His dad had always said, 'Doe talk soft.' But he'd meant don't talk as if you're stupid, he'd meant Alfred was stupid. Now Alfred was talking hard."
What Black Country person on leaving God's country has not felt something similar?
It was a joy to read the Guardian’s G2 section on January 24th. There was a double page spread of an interview by Stuart Jeffries of Alison Louise Kennedy.
Better known as author Al Kennedy she had just won £30,000 from Costa for her novel Day. Well so what I here you say, well the hero of said novel, a former wartime Lancaster rear gunner – the bravest of the brave – returns to Germany to appear as an actor in a film about an escape from a prisoner of war camp like the one he had been held in having been forced to bale out over Germany.

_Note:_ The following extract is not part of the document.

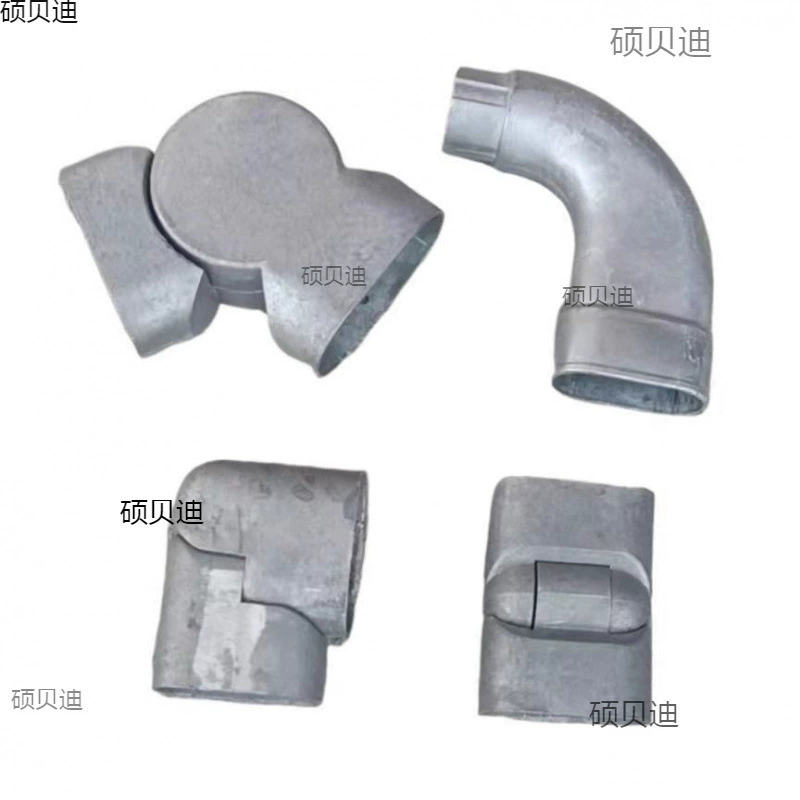 Цинк стальной ограждение аксессуар лицевой трубки подвижная головка 40*80 эллиптическая трубка поворотная головка алюминиевая плоский угол наклона талии круговой трубки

Like a lot of that generation war had given his life a sense of purpose that civvy street failed to provide and in a way it was a journey back to where everything began to go wrong.
Jolly interesting full of all sorts of moral dilemmas about the British character and all that stuff except that the “hero” Alfie Day hail’s from Wednesbury.
Stuart Jefferies takes up the story,
“I tell Kenedy that my parents hailed from Wednesbury, the Black Country town from which Day escapes into the thrill of war, a place whose heavy industries the Luftwaffe tried but couldn’t quite finish off ( the Tories where more thorough) while the RAF was bent on reducing German cities to simulacra of the fires of hell.”
Good start methinks at least the interviewer knows where this wonderful place is!
“Why did she choose the Black Country boy as a hero?” Asks Jeffries.
(Not realising the heroic capacity of all Black Country folk).
“I knew about it because my grandparents were from there”, she says.
So another exiled Wednesbury family two in the same Guardian interview is this a first I wonder?
“Its an industrial area where people did very dangerous jobs and could be killed at any time, and extreme levels of poverty.”
So war may have come as a perverse sort of escape – on the can’t be any worse and you get fed and see the world – She sounds alrighyt this AL Kenedy.
Then she commits the coup de grace!
“She was drawn, too to the strange dialect.”
“There’s an enormous sense of humour in the way Black Country people speak. It’s very playful and very old language.”
What are you waiting for get down the bookshop!!!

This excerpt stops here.